Beneficial Effects of the Embodiments
[0045] In conclusion, in the apparatus and the method for manufacturing the isobutyric acid provided by the present disclosure, by virtue of the stirrer including a hollow shaft and a plurality of blades, the hollow shaft having a first end and a second end that are oppositely arranged, an air suction hole being formed on the first end and exposed from a liquid surface of the reaction tank, and an air discharge hole being formed on the second end and immersed into the liquid surface and a condenser and an end of the air outlet tube that is opposite to the reaction tank being connected for condensation of the reacted gas, so as to obtain isobutyraldehyde and an exhaust gas, a yield and safety for manufacturing the isobutyric acid can be enhanced.

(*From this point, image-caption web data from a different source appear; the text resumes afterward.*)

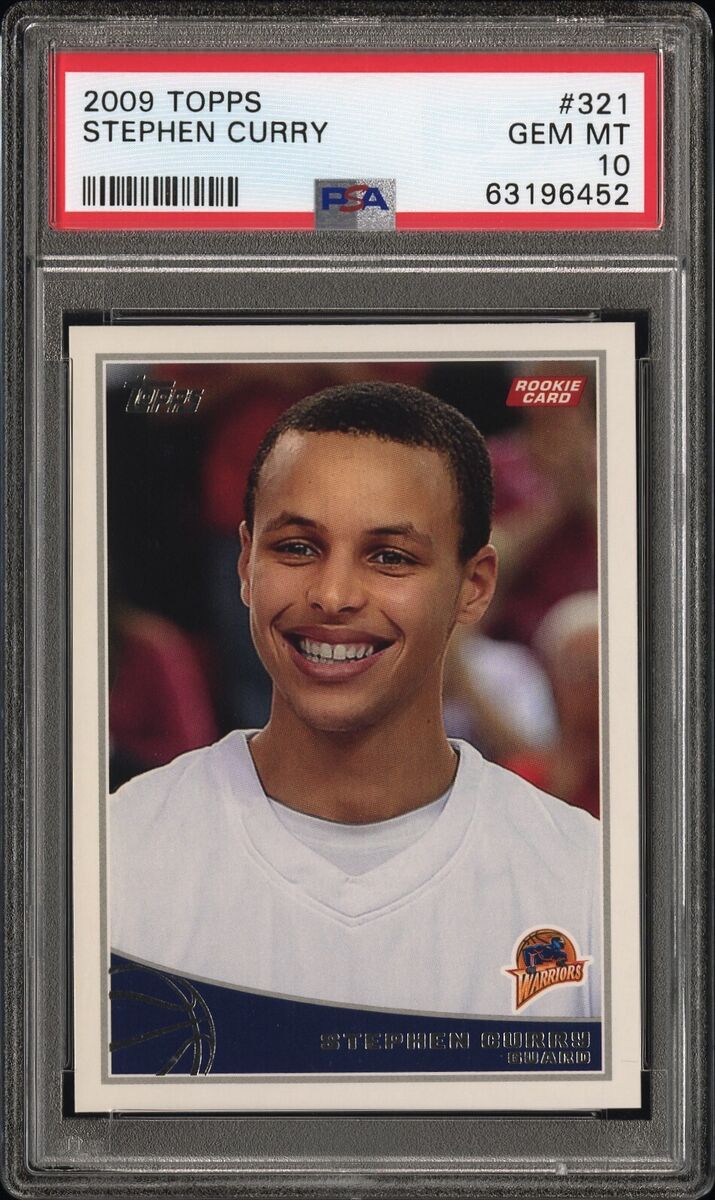 2009 Topps Stephen Curry PSA 10 Gem Mint Rookie #321 Golden 2009 Topps Stephen Curry PSA 10 Gem Mint Rookie #321 Golden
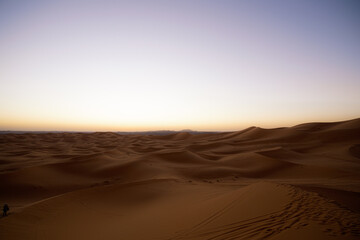 
Merzogua desert landscape in Morocco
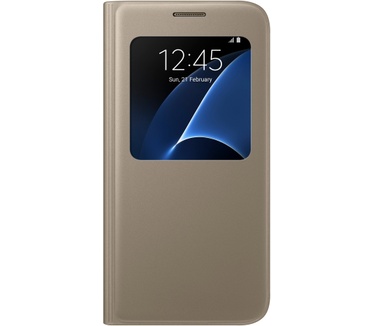 Samsung Galaxy S7 S-View Cover (Galaxy S7) Goud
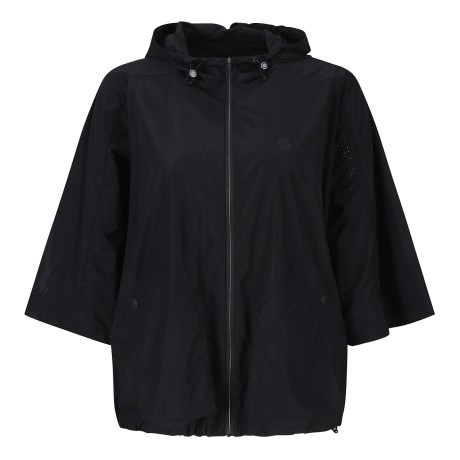 여성 오버핏 경량 후드 점퍼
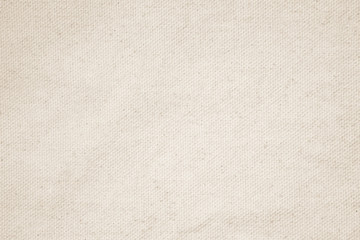 Vintage Cream abstract Hessian or sackcloth fabric or hemp sack texture background. Wallpaper of artistic wale linen canvas.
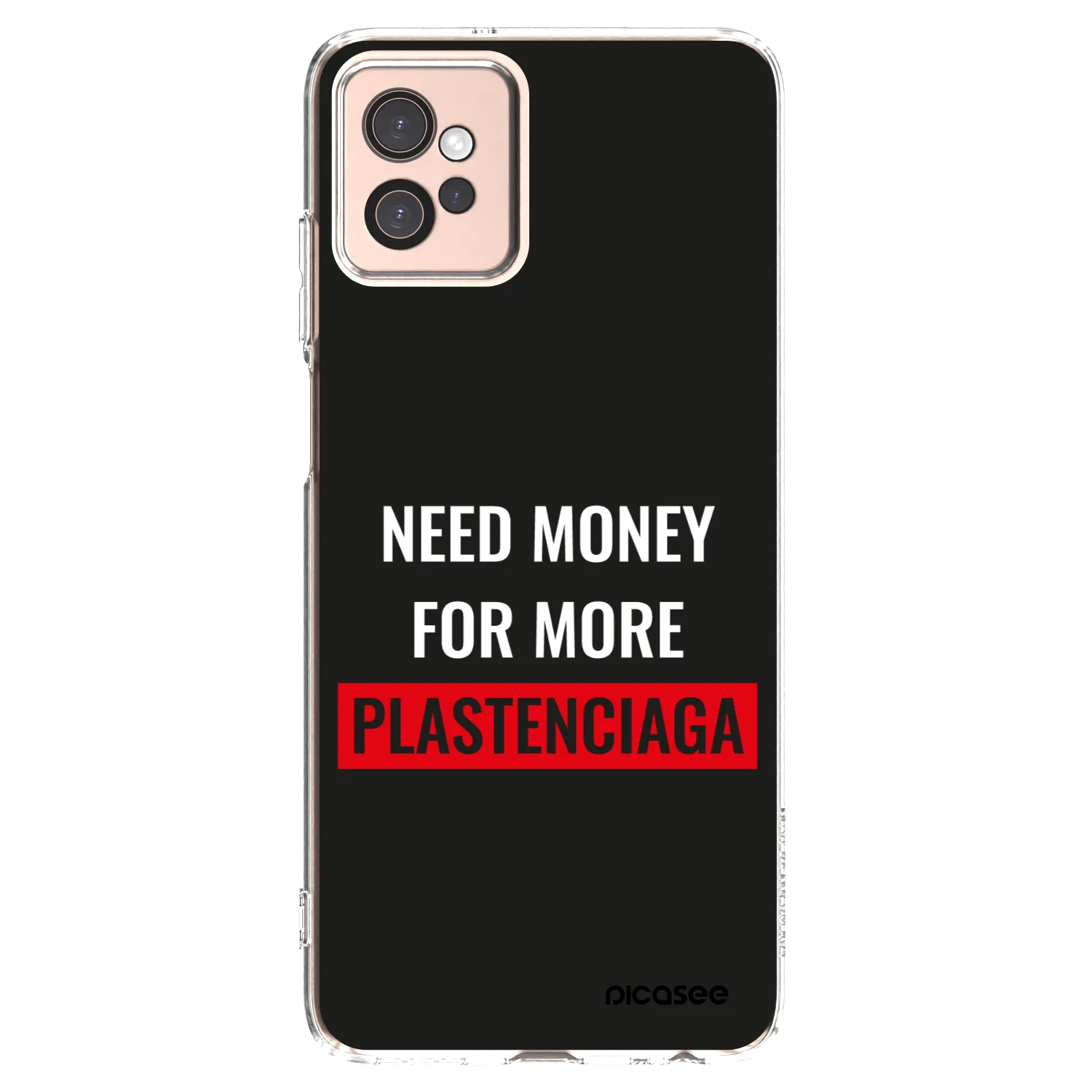 Picasee silikonowe przeźroczyste etui na Motorola Moto G32 - More PLASTENCIAGA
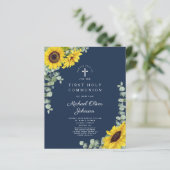 Budget Zonnebloem Eucalyptus Blauw Eerste Communie (Staand voorkant)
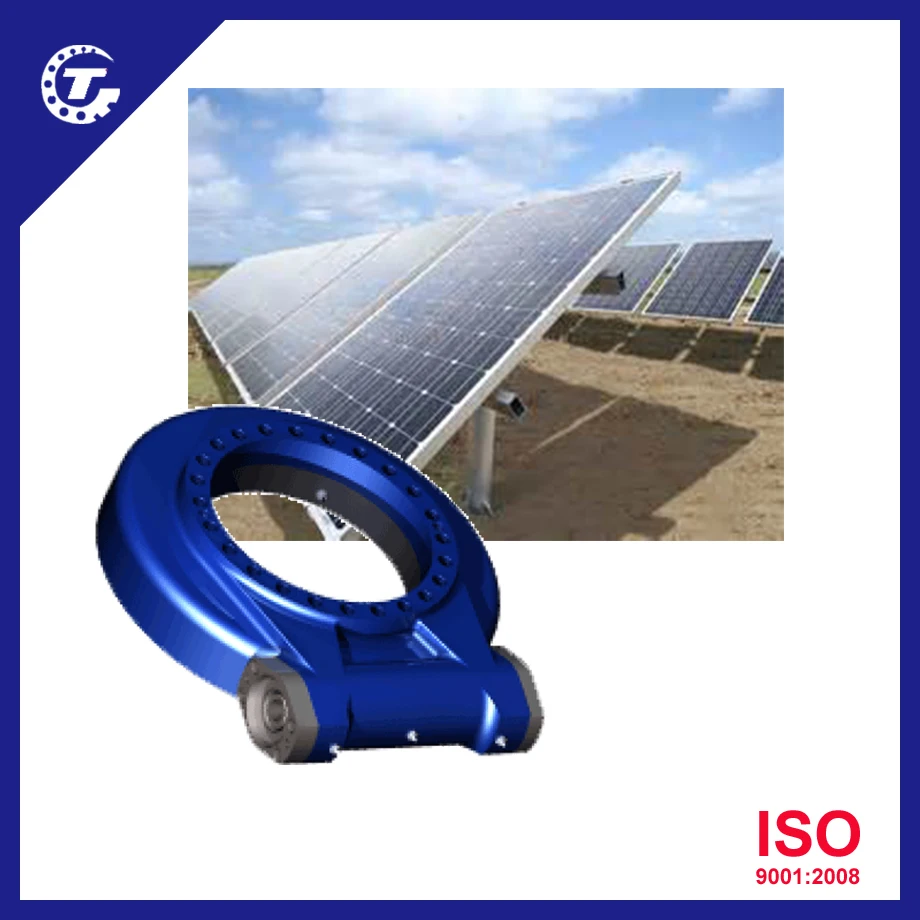 230v ac motor 5 inch vertical slew drive with flang for solar tracker system elevation rotation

[0046] Specifically, the apparatus of the present disclosure is a magnetic seal stirrer that can guide a gas by having functions of air suction, air discharge, and stirring, so that a gas-liquid transmission rate can be effectively increased. When an oxidation reaction is carried out at a low oxygen concentration, a reaction yield can be further improved. Since a magnetic (dry-running) seal is used in the apparatus of the present disclosure, leakage and static electricity can be prevented to enhance safety of a reaction process. Moreover, in the apparatus of the present disclosure, a concentration sensor is disposed on a first tube, so as to monitor a concentration of an exhaust gas, detect an oxygen concentration at an exit end of a reactor, control an exit isobutyraldehyde concentration and a reaction end point, and improve the safety.
[0047] Furthermore, since the apparatus of the present disclosure includes a hollow stirrer, efficiency of the oxidation reaction can be enhanced without addition of a catalyst, thereby saving the costs for manufacturing the isobutyric acid.
[0048] The foregoing description of the exemplary embodiments of the disclosure has been presented only for the purposes of illustration and description and is not intended to be exhaustive or to limit the disclosure to the precise forms disclosed. Many modifications and variations are possible in light of the above teaching.
[0049] The embodiments were chosen and described in order to explain the principles of the disclosure and their practical application so as to enable others skilled in the art to utilize the disclosure and various embodiments and with various modifications as are suited to the particular use contemplated. Alternative embodiments will become apparent to those skilled in the art to which the present disclosure pertains without departing from its spirit and scope.